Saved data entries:
=== Section Start ===

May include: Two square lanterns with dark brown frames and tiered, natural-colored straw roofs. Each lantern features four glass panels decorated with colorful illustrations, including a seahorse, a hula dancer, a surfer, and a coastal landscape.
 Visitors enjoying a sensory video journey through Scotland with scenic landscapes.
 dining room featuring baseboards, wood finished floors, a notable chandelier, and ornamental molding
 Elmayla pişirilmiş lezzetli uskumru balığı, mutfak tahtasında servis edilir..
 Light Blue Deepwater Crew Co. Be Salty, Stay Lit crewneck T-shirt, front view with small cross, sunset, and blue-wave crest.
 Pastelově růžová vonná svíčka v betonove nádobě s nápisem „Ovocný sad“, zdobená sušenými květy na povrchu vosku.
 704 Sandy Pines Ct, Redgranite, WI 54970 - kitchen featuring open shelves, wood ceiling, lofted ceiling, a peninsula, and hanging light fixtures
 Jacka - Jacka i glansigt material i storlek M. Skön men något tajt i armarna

=== Section End ===

(WHAT TO WORK ON):
Retype every line up to and including the one that contains "Visitors enjoying a", beginning at the first line of the records, with no edits.

(SOLUTION TO THIS PROBLEM):
May include: Two square lanterns with dark brown frames and tiered, natural-colored straw roofs. Each lantern features four glass panels decorated with colorful illustrations, including a seahorse, a hula dancer, a surfer, and a coastal landscape.
 Visitors enjoying a sensory video journey through Scotland with scenic landscapes.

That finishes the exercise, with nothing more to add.